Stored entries
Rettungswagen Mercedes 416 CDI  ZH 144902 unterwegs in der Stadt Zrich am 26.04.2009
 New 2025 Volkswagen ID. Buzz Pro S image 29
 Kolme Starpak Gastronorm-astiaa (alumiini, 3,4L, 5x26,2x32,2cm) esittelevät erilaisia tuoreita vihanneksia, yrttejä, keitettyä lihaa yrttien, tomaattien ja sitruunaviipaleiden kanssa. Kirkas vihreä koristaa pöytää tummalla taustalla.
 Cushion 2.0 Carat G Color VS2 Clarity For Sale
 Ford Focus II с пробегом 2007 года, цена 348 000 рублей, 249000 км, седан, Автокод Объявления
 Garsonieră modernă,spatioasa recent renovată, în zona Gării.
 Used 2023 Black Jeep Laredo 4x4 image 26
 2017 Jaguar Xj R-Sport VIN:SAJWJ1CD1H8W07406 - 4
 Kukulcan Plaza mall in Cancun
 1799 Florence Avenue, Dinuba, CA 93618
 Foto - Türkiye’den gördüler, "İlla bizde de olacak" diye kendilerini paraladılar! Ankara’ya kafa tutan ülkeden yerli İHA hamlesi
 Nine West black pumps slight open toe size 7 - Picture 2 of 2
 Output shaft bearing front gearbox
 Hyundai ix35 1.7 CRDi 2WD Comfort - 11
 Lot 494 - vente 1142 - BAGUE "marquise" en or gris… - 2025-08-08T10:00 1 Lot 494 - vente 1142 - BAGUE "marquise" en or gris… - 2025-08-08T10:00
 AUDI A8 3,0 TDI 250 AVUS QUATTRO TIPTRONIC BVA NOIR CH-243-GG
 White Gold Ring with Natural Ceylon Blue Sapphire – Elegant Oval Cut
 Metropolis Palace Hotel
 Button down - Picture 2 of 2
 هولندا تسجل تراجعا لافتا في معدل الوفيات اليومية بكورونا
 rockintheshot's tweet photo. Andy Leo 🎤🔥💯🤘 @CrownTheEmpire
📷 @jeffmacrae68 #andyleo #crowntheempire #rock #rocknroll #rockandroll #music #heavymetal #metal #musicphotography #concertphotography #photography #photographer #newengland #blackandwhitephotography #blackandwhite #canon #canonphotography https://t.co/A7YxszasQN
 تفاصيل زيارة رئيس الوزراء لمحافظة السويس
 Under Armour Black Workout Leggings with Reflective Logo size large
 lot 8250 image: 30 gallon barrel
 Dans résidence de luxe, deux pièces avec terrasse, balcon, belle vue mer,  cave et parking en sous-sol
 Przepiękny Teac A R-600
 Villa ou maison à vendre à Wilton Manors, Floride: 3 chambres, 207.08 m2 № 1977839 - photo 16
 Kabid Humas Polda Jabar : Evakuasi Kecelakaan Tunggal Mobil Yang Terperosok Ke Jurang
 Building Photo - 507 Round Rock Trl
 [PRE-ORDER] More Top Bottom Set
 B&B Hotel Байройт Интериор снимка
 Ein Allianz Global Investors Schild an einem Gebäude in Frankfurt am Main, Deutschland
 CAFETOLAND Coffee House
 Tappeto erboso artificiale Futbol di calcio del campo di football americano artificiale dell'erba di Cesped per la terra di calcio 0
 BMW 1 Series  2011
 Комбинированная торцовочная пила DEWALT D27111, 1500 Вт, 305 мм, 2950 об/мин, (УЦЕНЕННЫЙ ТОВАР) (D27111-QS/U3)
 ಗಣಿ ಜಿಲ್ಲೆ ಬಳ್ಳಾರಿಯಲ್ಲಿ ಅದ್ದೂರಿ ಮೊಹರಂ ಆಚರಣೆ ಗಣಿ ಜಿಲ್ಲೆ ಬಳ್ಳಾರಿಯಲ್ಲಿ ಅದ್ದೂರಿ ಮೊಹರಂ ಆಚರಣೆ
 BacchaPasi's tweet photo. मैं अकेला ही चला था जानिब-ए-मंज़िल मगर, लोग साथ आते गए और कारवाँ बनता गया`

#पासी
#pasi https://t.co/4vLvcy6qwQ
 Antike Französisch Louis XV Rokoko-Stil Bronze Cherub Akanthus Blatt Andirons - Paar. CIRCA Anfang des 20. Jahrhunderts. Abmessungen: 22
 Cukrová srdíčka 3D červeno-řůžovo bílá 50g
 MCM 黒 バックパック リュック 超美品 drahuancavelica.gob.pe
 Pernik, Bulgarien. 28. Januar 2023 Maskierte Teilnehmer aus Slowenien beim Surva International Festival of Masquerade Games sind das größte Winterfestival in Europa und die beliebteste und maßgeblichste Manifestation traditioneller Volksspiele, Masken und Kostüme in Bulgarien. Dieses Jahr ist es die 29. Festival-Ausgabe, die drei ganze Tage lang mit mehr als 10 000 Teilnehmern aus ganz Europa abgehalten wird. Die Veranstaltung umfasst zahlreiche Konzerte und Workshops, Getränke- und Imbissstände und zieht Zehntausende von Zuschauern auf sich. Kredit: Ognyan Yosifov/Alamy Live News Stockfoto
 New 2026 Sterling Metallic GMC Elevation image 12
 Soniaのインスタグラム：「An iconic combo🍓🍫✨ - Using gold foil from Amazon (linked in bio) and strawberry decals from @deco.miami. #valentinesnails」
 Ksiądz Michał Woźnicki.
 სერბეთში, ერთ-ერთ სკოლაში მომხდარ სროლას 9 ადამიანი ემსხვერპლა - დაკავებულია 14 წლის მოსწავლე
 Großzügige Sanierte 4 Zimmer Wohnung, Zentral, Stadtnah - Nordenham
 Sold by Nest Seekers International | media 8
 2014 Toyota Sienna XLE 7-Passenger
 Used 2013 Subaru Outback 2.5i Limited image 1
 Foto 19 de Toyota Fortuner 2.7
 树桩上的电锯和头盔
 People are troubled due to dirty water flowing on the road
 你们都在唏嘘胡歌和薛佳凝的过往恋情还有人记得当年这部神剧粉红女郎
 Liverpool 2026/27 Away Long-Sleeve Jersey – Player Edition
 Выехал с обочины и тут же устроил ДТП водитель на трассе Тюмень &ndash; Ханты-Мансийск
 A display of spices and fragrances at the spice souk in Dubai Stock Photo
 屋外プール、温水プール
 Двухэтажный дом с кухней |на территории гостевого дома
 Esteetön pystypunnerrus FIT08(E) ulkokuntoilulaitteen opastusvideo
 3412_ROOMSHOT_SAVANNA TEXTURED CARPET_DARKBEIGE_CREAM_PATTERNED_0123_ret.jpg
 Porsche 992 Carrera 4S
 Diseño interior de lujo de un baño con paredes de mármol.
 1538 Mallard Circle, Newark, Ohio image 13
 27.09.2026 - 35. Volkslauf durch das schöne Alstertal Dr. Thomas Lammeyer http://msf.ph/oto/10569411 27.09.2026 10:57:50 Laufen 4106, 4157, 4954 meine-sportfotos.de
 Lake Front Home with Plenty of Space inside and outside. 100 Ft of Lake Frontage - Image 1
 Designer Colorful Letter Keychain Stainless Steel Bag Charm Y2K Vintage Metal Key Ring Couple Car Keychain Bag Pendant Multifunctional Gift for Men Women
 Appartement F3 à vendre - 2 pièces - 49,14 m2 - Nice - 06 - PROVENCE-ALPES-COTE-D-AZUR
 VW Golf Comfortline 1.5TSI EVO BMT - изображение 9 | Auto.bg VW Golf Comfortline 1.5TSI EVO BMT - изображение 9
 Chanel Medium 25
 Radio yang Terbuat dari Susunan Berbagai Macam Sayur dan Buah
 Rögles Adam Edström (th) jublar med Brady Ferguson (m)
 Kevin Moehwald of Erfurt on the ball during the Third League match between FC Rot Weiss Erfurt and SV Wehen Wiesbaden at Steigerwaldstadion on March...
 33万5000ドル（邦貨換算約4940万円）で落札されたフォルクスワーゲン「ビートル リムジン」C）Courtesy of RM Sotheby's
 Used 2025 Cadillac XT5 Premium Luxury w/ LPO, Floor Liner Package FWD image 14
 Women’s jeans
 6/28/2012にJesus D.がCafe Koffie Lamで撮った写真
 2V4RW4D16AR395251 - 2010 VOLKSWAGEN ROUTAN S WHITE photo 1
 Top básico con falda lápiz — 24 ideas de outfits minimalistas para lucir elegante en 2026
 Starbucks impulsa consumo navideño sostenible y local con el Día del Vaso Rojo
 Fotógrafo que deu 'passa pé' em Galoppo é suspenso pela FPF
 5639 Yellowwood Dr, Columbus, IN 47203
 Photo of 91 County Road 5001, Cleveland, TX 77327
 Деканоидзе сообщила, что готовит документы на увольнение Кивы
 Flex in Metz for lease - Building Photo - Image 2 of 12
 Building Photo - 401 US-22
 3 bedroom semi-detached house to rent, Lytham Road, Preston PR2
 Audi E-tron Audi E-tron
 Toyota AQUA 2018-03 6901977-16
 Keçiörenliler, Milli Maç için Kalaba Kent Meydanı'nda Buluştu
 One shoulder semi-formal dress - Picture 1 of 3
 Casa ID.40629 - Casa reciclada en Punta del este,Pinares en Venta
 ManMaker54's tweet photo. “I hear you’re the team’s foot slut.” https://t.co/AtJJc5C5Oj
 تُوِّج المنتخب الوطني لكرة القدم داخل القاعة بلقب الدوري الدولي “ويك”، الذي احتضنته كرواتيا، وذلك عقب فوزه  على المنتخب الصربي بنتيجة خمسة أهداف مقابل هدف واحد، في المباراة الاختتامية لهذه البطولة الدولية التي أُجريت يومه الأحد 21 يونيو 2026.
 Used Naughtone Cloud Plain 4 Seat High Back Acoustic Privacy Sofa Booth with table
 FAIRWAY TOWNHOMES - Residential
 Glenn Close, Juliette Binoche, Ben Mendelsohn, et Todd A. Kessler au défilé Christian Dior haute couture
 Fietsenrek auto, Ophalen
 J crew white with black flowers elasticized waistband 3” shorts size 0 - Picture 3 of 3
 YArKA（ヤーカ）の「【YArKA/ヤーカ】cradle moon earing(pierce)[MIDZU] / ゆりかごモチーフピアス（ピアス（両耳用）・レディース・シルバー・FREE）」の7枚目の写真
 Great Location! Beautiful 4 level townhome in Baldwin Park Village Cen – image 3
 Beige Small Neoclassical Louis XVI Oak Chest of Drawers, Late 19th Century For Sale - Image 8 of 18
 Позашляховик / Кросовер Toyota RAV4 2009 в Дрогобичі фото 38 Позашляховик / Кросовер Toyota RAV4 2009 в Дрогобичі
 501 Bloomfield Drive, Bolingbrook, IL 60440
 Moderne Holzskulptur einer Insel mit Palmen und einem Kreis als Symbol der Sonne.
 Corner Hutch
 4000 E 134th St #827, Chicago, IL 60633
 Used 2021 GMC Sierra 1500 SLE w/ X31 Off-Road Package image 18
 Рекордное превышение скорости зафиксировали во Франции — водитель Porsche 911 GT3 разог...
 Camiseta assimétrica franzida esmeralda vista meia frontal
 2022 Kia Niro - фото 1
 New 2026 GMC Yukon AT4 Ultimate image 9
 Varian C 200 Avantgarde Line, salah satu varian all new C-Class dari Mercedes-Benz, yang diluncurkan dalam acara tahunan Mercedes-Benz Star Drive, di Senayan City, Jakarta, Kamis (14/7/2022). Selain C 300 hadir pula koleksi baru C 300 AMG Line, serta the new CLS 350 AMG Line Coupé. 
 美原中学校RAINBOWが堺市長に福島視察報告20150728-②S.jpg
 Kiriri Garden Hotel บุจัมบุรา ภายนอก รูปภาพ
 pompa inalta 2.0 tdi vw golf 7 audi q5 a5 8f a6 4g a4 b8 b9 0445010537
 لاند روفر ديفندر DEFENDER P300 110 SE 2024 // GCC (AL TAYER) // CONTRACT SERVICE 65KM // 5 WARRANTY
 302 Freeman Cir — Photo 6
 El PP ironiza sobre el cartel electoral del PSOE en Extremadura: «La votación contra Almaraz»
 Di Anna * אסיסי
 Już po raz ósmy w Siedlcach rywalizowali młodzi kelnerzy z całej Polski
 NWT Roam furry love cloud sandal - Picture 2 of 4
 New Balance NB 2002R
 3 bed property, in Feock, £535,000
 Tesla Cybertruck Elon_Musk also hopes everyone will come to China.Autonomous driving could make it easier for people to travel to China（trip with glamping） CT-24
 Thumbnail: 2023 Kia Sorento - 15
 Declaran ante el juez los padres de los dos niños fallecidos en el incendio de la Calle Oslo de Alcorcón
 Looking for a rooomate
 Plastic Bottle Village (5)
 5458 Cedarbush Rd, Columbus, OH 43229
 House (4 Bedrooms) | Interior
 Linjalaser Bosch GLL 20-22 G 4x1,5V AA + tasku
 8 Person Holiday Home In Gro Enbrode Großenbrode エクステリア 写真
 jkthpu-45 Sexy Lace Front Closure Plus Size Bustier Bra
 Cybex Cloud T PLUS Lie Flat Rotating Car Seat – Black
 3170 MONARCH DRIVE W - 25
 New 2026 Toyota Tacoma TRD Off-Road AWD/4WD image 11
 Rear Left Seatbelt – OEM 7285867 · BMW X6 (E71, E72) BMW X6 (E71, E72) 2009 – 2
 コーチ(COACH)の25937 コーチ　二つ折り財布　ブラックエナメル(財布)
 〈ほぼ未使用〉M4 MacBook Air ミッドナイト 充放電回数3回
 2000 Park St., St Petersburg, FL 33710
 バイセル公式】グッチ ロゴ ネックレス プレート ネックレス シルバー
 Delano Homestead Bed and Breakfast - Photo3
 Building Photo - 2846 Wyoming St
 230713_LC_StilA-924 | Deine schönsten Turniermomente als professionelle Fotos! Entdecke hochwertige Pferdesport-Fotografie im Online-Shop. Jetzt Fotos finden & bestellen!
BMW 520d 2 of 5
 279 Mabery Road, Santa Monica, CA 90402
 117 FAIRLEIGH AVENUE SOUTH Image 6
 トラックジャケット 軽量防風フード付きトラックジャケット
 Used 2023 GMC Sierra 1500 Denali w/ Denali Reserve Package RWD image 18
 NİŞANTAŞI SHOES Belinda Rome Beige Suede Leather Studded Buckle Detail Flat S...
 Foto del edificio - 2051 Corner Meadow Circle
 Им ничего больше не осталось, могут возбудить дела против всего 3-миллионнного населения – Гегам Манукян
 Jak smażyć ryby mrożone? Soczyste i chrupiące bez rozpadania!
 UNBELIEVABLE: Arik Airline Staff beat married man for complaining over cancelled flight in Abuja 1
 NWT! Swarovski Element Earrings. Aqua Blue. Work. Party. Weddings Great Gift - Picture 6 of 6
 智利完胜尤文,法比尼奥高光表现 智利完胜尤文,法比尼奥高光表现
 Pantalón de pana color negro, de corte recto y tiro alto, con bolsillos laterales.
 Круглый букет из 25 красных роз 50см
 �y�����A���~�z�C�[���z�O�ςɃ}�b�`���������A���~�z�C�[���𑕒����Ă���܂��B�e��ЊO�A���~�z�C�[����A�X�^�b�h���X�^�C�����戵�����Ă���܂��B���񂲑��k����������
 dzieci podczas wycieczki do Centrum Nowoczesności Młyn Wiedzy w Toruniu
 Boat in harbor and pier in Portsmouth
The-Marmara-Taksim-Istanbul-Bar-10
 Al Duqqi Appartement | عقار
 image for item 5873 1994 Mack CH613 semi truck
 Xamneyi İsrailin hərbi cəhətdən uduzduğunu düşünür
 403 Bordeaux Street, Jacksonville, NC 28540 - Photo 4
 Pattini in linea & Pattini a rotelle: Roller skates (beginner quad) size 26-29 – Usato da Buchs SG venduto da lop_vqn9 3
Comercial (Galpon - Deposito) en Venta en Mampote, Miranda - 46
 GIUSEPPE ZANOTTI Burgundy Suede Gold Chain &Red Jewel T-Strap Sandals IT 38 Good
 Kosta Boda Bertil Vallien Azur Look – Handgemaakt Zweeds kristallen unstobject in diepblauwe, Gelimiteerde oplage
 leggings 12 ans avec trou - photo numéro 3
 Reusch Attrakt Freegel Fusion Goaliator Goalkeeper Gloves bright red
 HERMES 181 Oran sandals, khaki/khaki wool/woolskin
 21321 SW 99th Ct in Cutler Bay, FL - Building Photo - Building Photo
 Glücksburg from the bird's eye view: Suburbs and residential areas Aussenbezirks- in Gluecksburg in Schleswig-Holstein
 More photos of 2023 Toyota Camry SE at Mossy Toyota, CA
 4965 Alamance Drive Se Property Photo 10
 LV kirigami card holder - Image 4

▸ **Exercise prompt**:
Check every line of the data, and copy the ones that contain "Columbus".

▸ **Exercise answer**:
 5639 Yellowwood Dr, Columbus, IN 47203
 5458 Cedarbush Rd, Columbus, OH 43229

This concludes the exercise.